::: Material supplied

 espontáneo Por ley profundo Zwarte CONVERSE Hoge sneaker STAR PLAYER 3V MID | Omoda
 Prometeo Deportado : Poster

::::::
::: Material supplied

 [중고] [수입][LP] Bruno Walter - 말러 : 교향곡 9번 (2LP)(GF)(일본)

::::::

Exercise directions —
Keeping every character as it is, restate the lines above that run from the line with "espontáneo Por ley" through the line with "Prometeo Deportado : Poster", both included, and nothing else.

Task response —
 espontáneo Por ley profundo Zwarte CONVERSE Hoge sneaker STAR PLAYER 3V MID | Omoda
 Prometeo Deportado : Poster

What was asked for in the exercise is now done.